The majority states that it analyzes Article 10, UCMJ, violations using the procedural framework established by the Supreme Court in Barker for reviewing Sixth Amendment speedy trial claims, but then asserts
To trigger a Barker inquiry, the delay must be “presumptively prejudicial.” 407 U.S. at 530, 92 S.Ct. 2182. Whether a delay is “presumptively prejudicial” “is necessarily dependent upon the peculiar circumstances of the case. To take but one example, the delay that can be tolerated for an ordinary street crime is considerably less than for a serious, complex conspiracy charge.” Id. at 530-31, 92 S.Ct. 2182. Instead of considering the seriousness and complexity of Appellant’s case, and the substantial effect of heavy operational demands on personnel, the majority finds the 145-day pretrial confinement period sufficient to trigger a speedy trial inquiry by referencing another case in which the Court held that a 117-day period of pretrial confinement triggered the Article 10, UCMJ, inquiry. 68 M.J. at 312 (citing United States v. Cossio, 64 M.J. 254, 257 (C.A.A.F.2007)). In Cossio, without examining the seriousness or complexity of the charges, the Court concluded that a Barker inquiry was triggered by the 117-day delay where the accused had moved for a speedy trial. Cossio, 64 M.J. at 257.
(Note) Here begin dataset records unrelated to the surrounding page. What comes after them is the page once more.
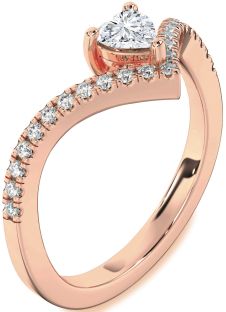 Diamond Rose Gold Heart Pave Promise Ring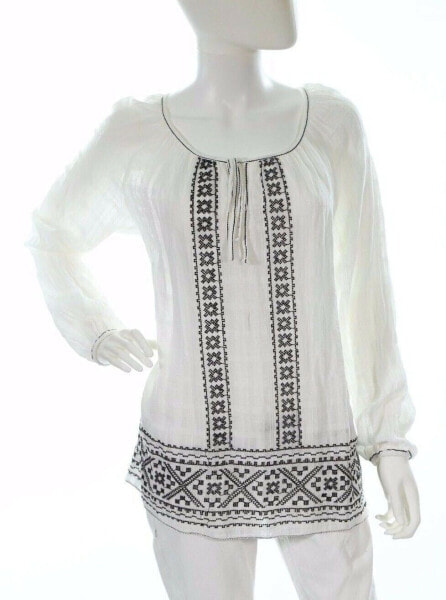 Max Studio Womens White Black Tunic Embroidered Long Sleeve Blouse Size Large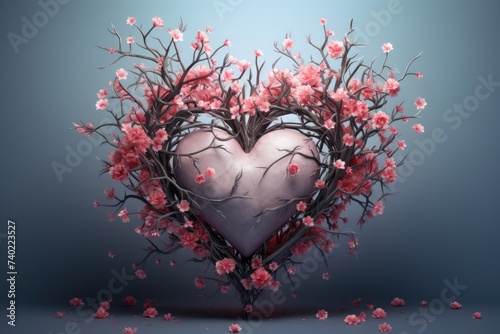 A heart made of white stone framed by centuries with flowers on a light gray background.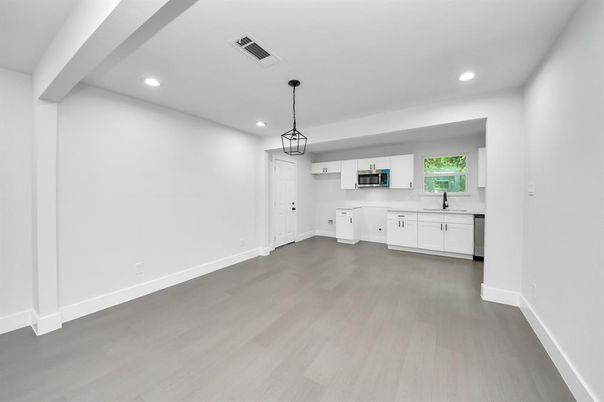 Interior, Kitchen, Pendant Lights, Recessed Lighting, Wood Texture Flooring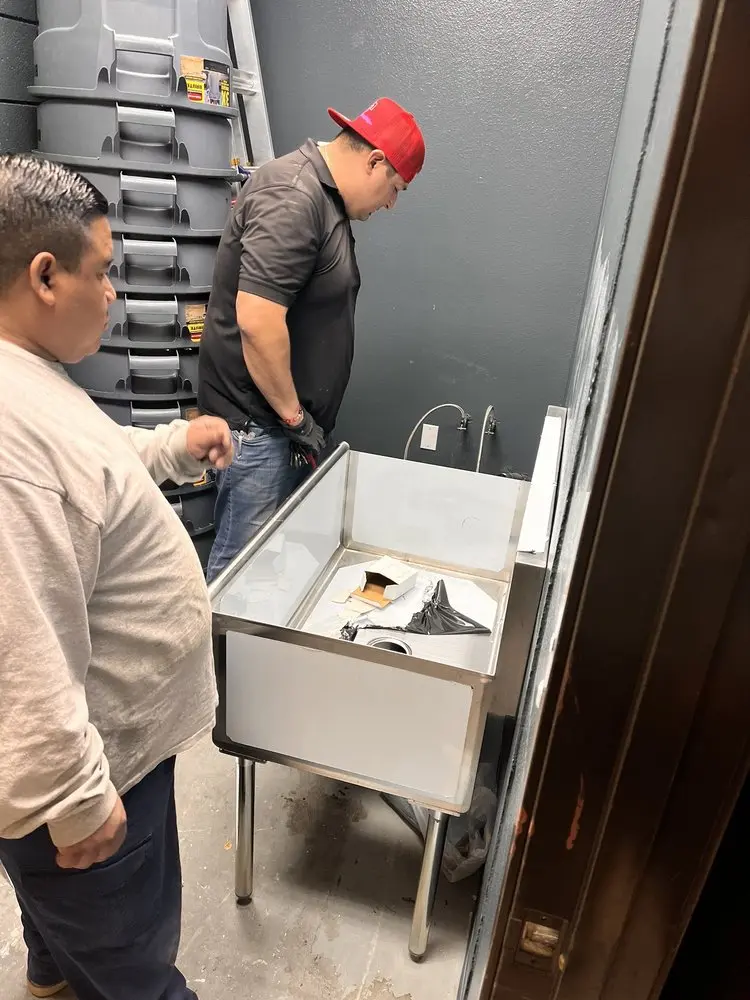 Commercial plumbing and sink installation in Roxbury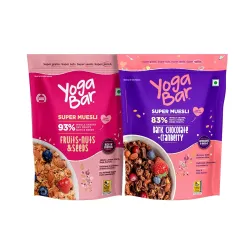 Yogabar Wholegrain Breakfast Muesli Combo | Fruits, Nuts and Seeds 700gm | Dark Chocolate Cranberry 700gm | Nuts + Seeds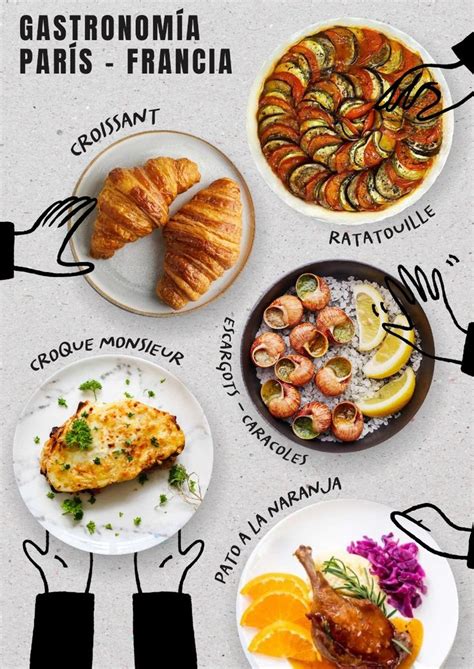 Platos típicos de la cocina francesa servidos en un bistró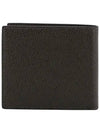 Pebble Grain Leather Half Wallet Dark Brown - THOM BROWNE - BALAAN 3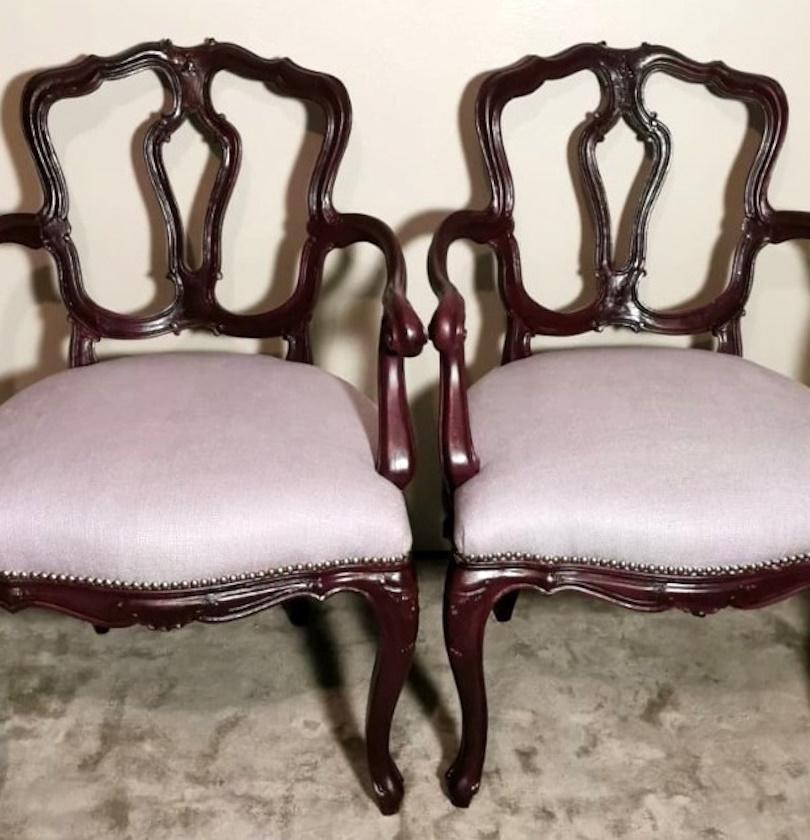 Linen Louis Philippe Style Pair Of Chairs With Italian Armrests Model King For Sale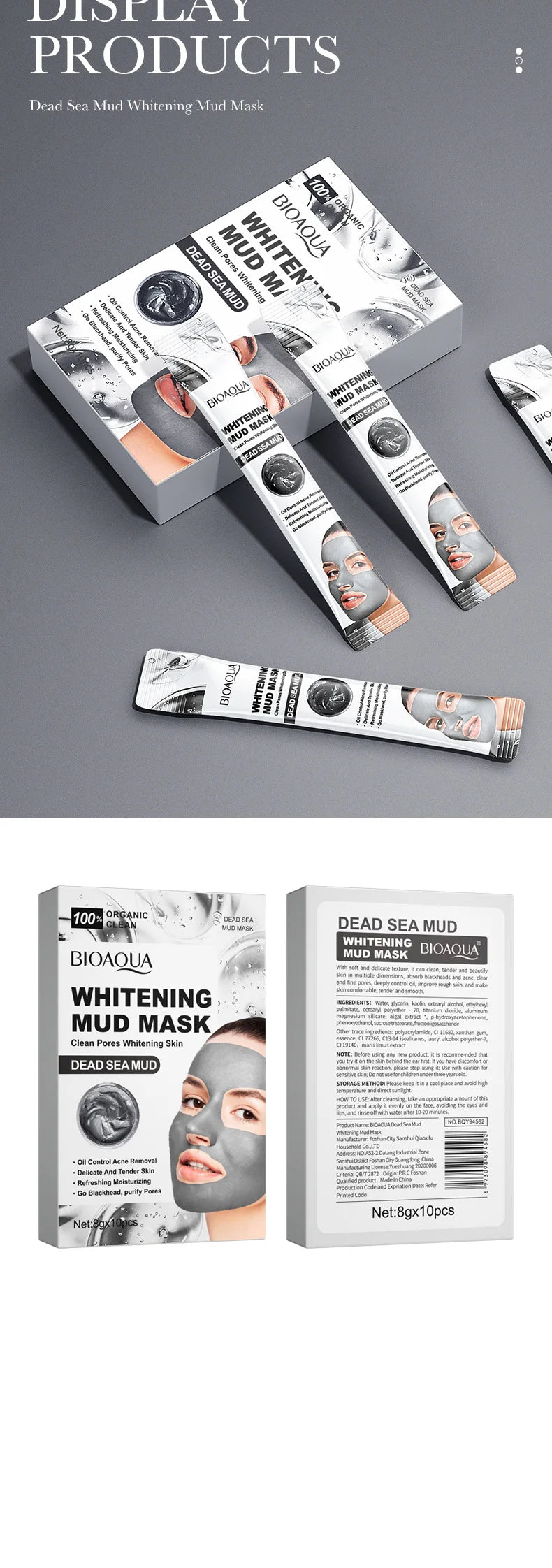 10pcs Dead Sea Mud Whitening Mud Mask Clean Deep Moisturizing Shrink Pores Blackhead Acne Facial Film Korean Skin Care Product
Of the 145 days Appellant spent in pretrial confinement, 39 days were as a result of defense-requested delays. Considering the complexity and seriousness of the charges— theft of a bank card and other items and misuse of the bank card in the civilian community that involved a joint investigation with civilian authorities — and the fact that operational demands necessitated the appointment of four successive trial counsel, I conclude that the 106 days attributable to the Government that Appellant spent in pretrial confinement were not “presumptively prejudicial” and, therefore, did not trigger the need for a Barker inquiry.